**Task**. Although the entries contain pictures, repeat only their words, exactly as written.

● ● ● ● ● ● ●

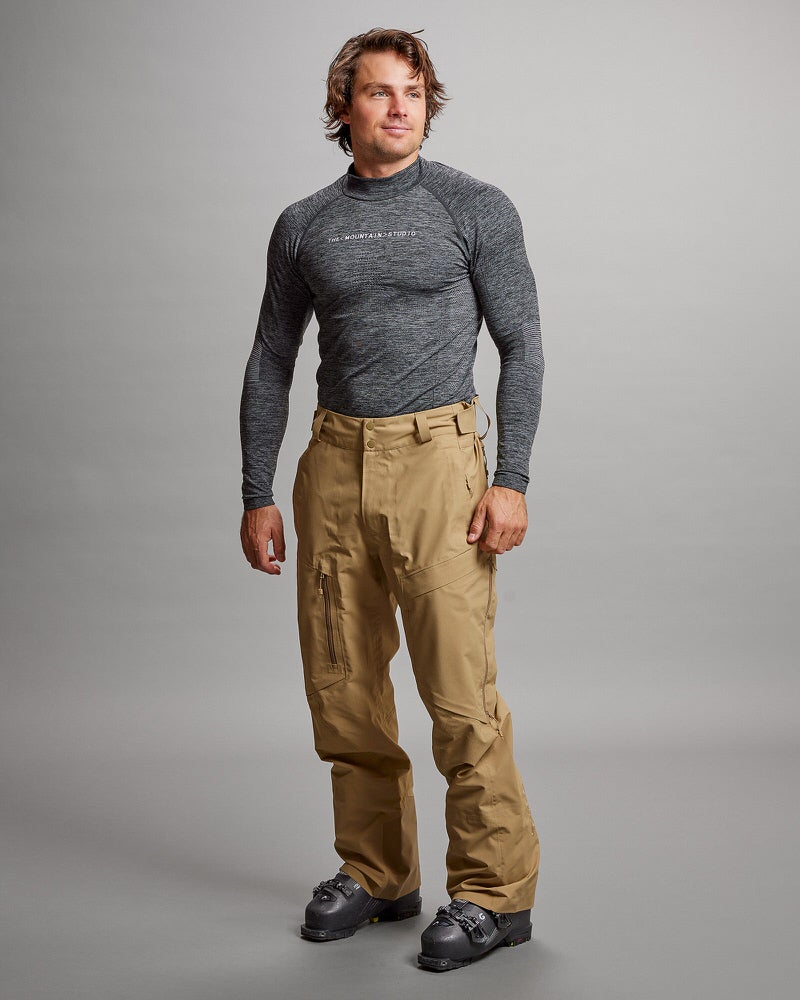 Mann in Skiausrüstung Ein Mann, der eine sandfarbene Y-1 HD GORE-TEX Pro 3L Shell Hose und ein graues Shirt trägt. Er trägt Skischuhe.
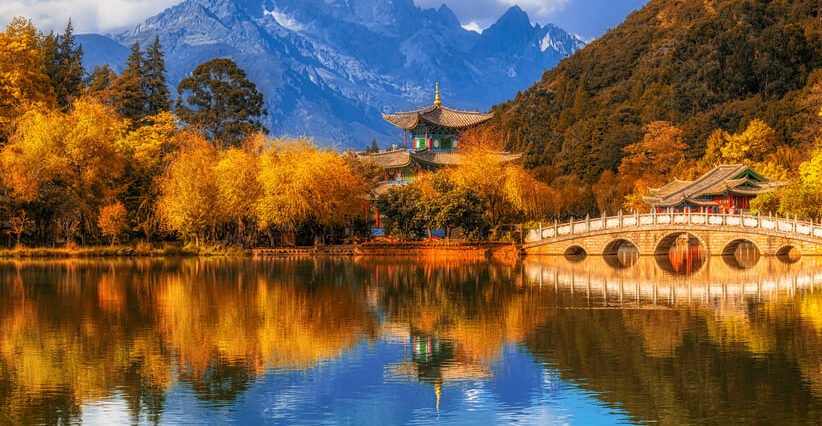 Pagoda tradicional y puente de piedra arqueado reflejados en un estanque cristalino con árboles de follaje otoñal amarillo y montañas nevadas al fondo.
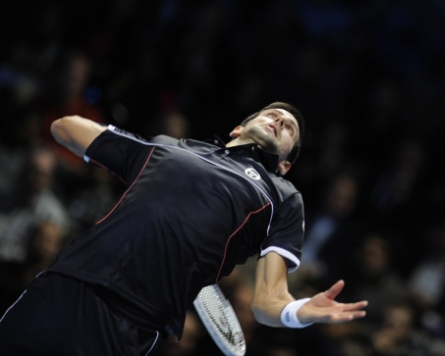 Ferrer stuns tired Djokovic at ATP Finals
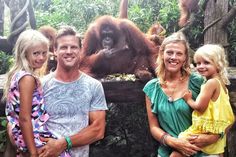 three adults and two children standing in front of an oranguel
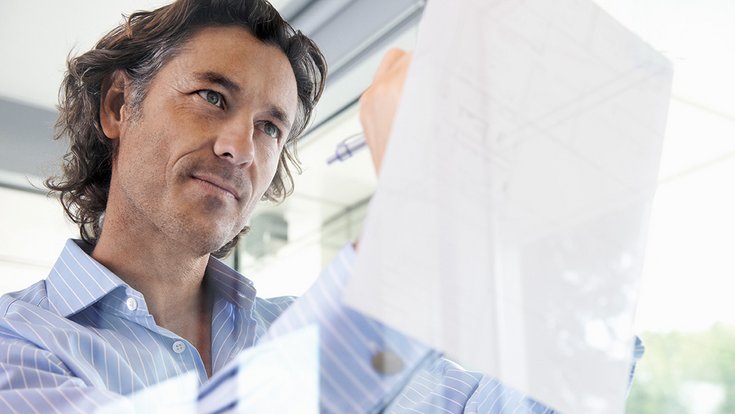 A man with a business shirt notes something on a piece of paper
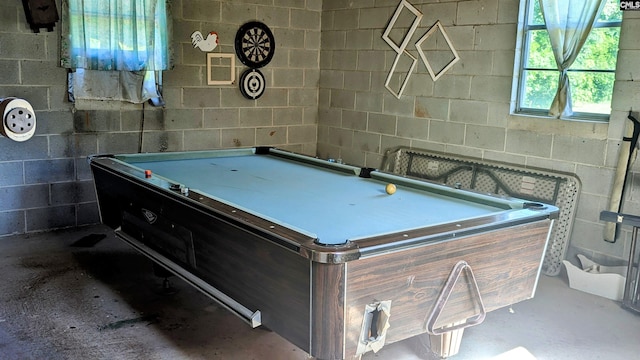 playroom with tile walls, concrete floors, and pool table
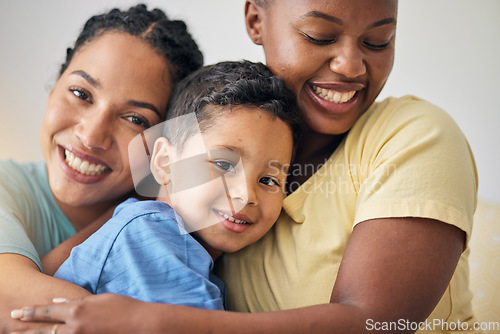 Image of LGBT, hug and face of family portrait, happy kid and mothers love, affection and enjoy bonding time together. Home, closeup and gay people, non binary parents or lesbian women embrace adoption child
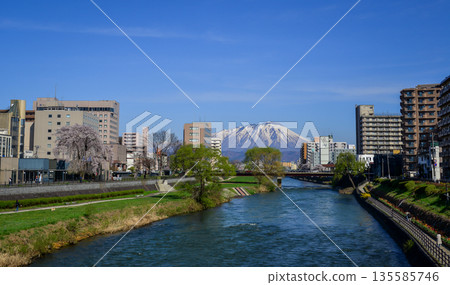 Morioka city overlooking snow-covered Mount Iwaki in Tohoku, Japan. Morioka city overlooking snow-covered Mount Iwaki in Tohoku, Japan. 135585746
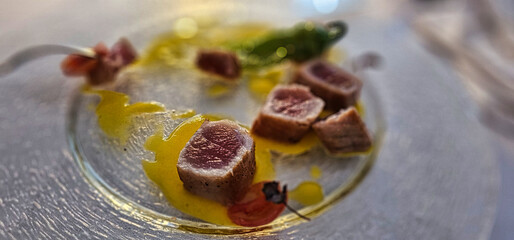 Seared tuna dish with potato cream from a Michelin-starred restaurant on the Italian Ligurian Riviera in the summer of 2025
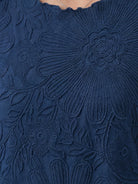 Floral Jacquard Pleated Top with 3D floral texture, flutter sleeves, and relaxed A-line silhouette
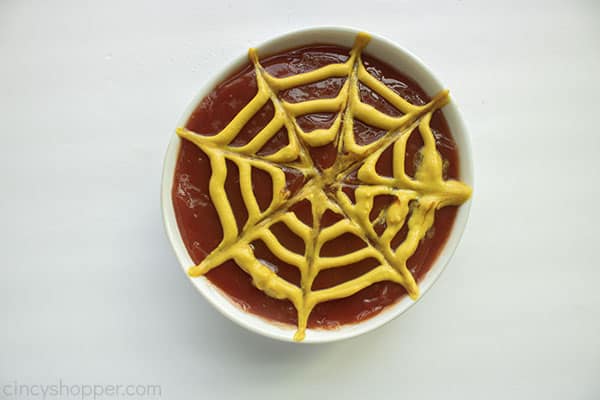 Mustard on ketchup for spider web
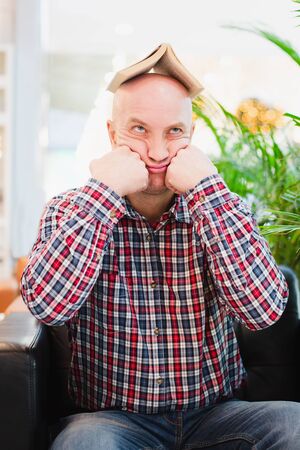 A bald European man in a crippled red shirt and blue classic jeans is sitting in an armchair in a bright apartment with green plants, holding a book over his head. Tired of studying manの写真素材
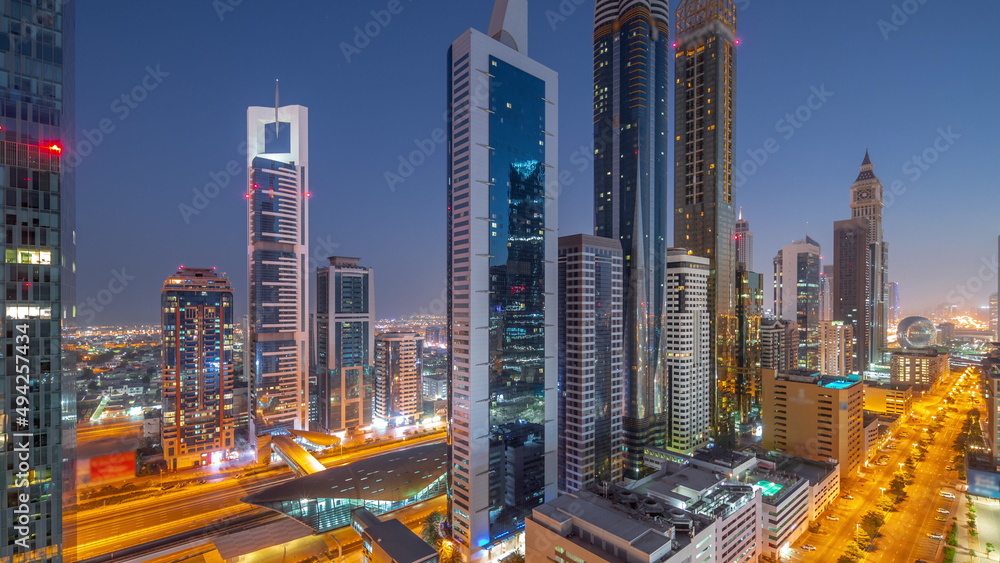 Aerial view of Dubai International Financial District with many skyscrapers night to day timelapse.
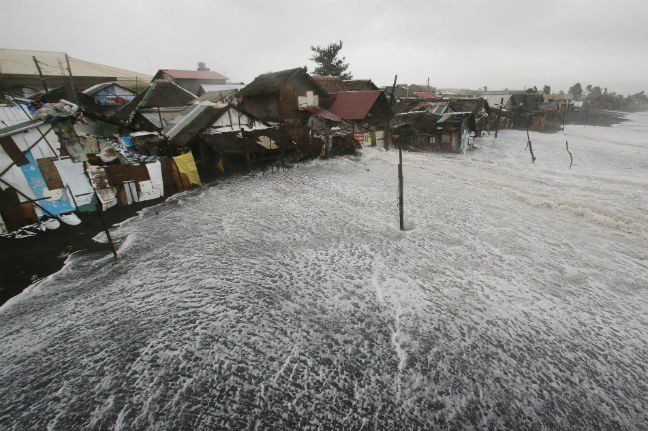 Strong waves crash into coastal houses as Typhoon Hagupit pounds Legazpi, Albay province, eastern Philippines on Sunday. Photo: AP/Aaron Favila Strong waves crash into coastal houses as Typhoon Hagupit pounds Legazpi, Albay province, eastern Philippines on Sunday, Dec. 7, 2014. Photo: AP/Aaron Favila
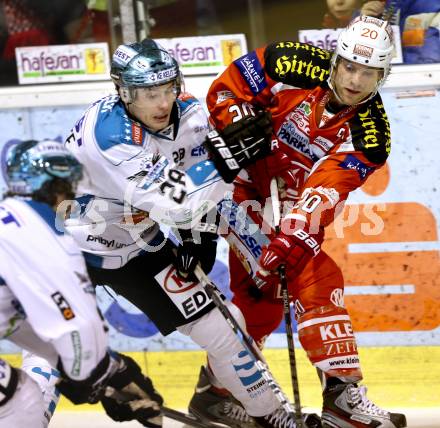 EBEL. Eishockey Bundesliga. EC KAC gegen EHC LIWEST Linz.  John Lammers,  (KAC), Mike Ouellette (Linz). Klagenfurt, am 13.2.2013.
Foto: Kuess 


---
pressefotos, pressefotografie, kuess, qs, qspictures, sport, bild, bilder, bilddatenbank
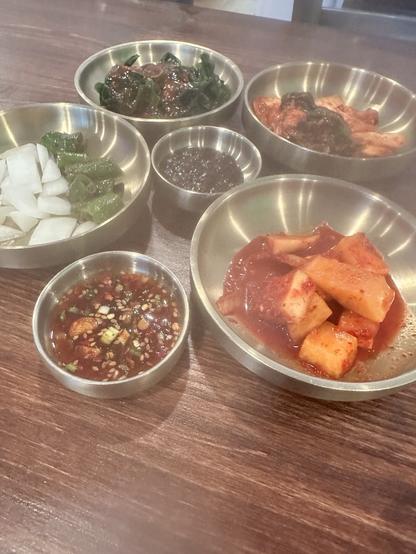 Multiple metal bowls with Korean food. There’s kimchi, turnip kimchi, seaweed, and onions with peppers. Plus bean paste and a chili sauce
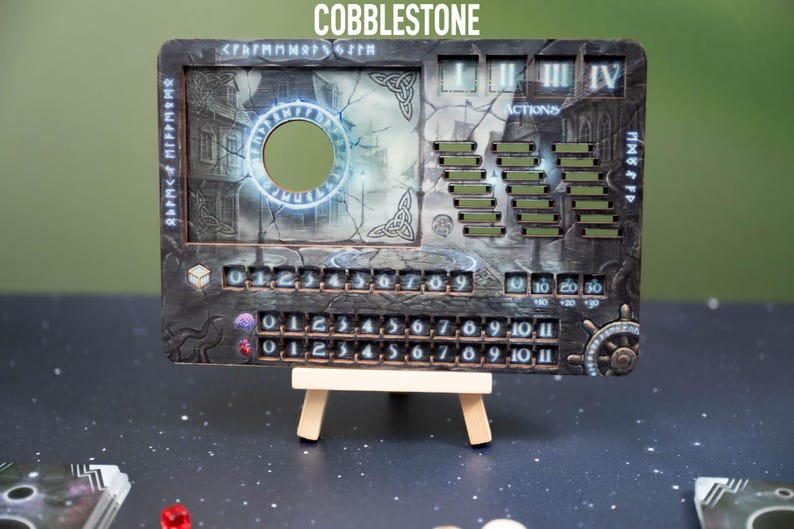 May include: A rectangular game board with the word "COBBLESTONE" at the top. The board features a circular cutout, numbers, and various game-related elements. It is supported by a small wooden easel.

● ● ● ● ● ● ●

**Expected output**.
 Mann in Skiausrüstung Ein Mann, der eine sandfarbene Y-1 HD GORE-TEX Pro 3L Shell Hose und ein graues Shirt trägt. Er trägt Skischuhe.
 Pagoda tradicional y puente de piedra arqueado reflejados en un estanque cristalino con árboles de follaje otoñal amarillo y montañas nevadas al fondo.
 Ferrer stuns tired Djokovic at ATP Finals
 three adults and two children standing in front of an oranguel
 A man with a business shirt notes something on a piece of paper
 playroom with tile walls, concrete floors, and pool table
 Image of LGBT, hug and face of family portrait, happy kid and mothers love, affection and enjoy bonding time together. Home, closeup and gay people, non binary parents or lesbian women embrace adoption child
 Morioka city overlooking snow-covered Mount Iwaki in Tohoku, Japan. Morioka city overlooking snow-covered Mount Iwaki in Tohoku, Japan. 135585746
 Seared tuna dish with potato cream from a Michelin-starred restaurant on the Italian Ligurian Riviera in the summer of 2025
 Floral Jacquard Pleated Top with 3D floral texture, flutter sleeves, and relaxed A-line silhouette
 Mustard on ketchup for spider web
 A bald European man in a crippled red shirt and blue classic jeans is sitting in an armchair in a bright apartment with green plants, holding a book over his head. Tired of studying manの写真素材
 Aerial view of Dubai International Financial District with many skyscrapers night to day timelapse.
 Strong waves crash into coastal houses as Typhoon Hagupit pounds Legazpi, Albay province, eastern Philippines on Sunday. Photo: AP/Aaron Favila Strong waves crash into coastal houses as Typhoon Hagupit pounds Legazpi, Albay province, eastern Philippines on Sunday, Dec. 7, 2014. Photo: AP/Aaron Favila
 EBEL. Eishockey Bundesliga. EC KAC gegen EHC LIWEST Linz.  John Lammers,  (KAC), Mike Ouellette (Linz). Klagenfurt, am 13.2.2013.
Foto: Kuess 


---
pressefotos, pressefotografie, kuess, qs, qspictures, sport, bild, bilder, bilddatenbank
 Multiple metal bowls with Korean food. There’s kimchi, turnip kimchi, seaweed, and onions with peppers. Plus bean paste and a chili sauce
 May include: A rectangular game board with the word "COBBLESTONE" at the top. The board features a circular cutout, numbers, and various game-related elements. It is supported by a small wooden easel.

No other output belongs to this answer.